Duel tanks and different MPG

I have duel tanks on my truck.Outside a leak , or more hwy driving on one tank,is it possible for a tank to perform better than the other in the gas mileage department?If so,what would cause it?

It’s ‘dual’. ‘Duel’ means the two tanks are fighting. :slight_smile:

Do you manually switch from one tank to the other?

I think you have the two most obvious explanations in your OP. I suppose it’s possible that the line from one tank might be clogged and require more power to pump the fuel, but that seems a little farfetched.

Also, if you start off with both tanks full, and draw from one only to start, you’re carrying the weight of the other tank.

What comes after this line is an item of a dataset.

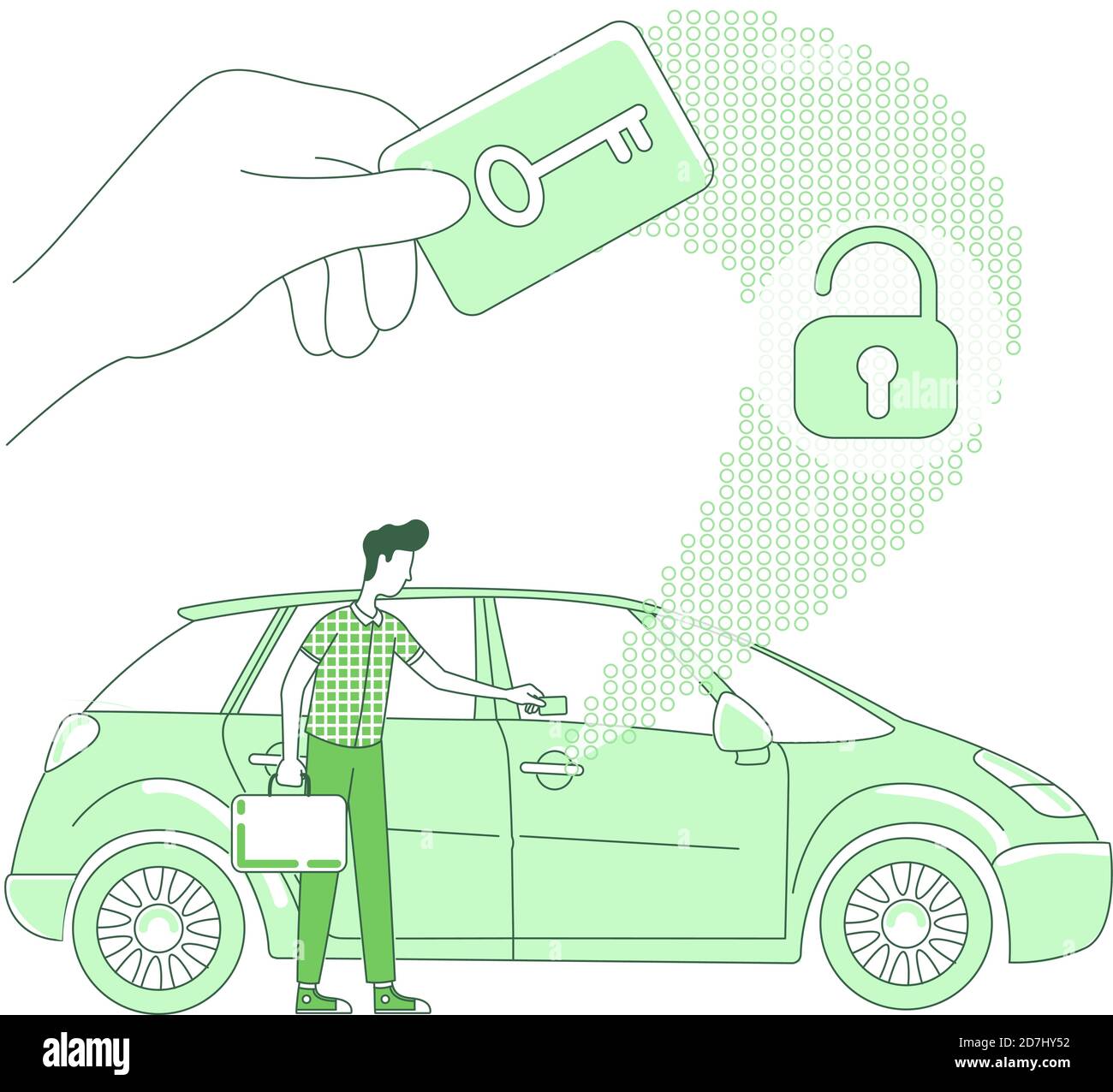 Keycard scan thin line concept vector illustration Stock Vector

When the first tank empties and you switch to the other, you are then carrying an empty tank. So I suppose you might get better mileage from the second tank. But I don’t know how significant that would be; it would probably be swamped by the effects of weight for traction in the cargo bed.

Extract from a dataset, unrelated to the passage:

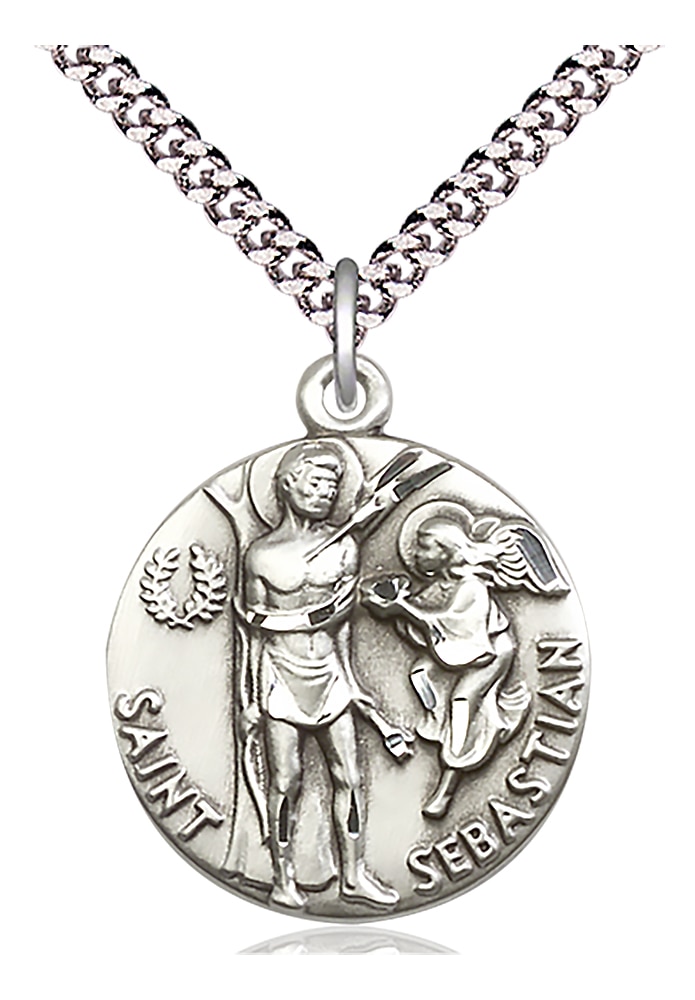 Sterling Silver Saint Sebastian Pendant on an 24-inch Light Rhodium Heavy Curb Chain.  Handmade in the USA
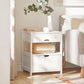 FRG258-W, White Nightstand with 2 Drawers, Bedside Table, End Table, Side Table, Lamp Table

From the Department of Farfetchery: How often do you drive the truck? Is it possible you filled the tanks far enough apart that you got gas mixed for one season in one tank, and gas mixed for another season in the other tank? How consistently do you see the mpg difference?

How are you measuring the mileage you get? If you can consistently fill each tank to a reproduceable level, and use the pump reading and odometer reading to calculate an average from the previous filling, it should all be correct, excepting the very reasonable points folks made above. But if you are trying to get estimates on, say, every quarter tank while the tank is emptied, then the inaccuracy of the gage in each tank would contribute error.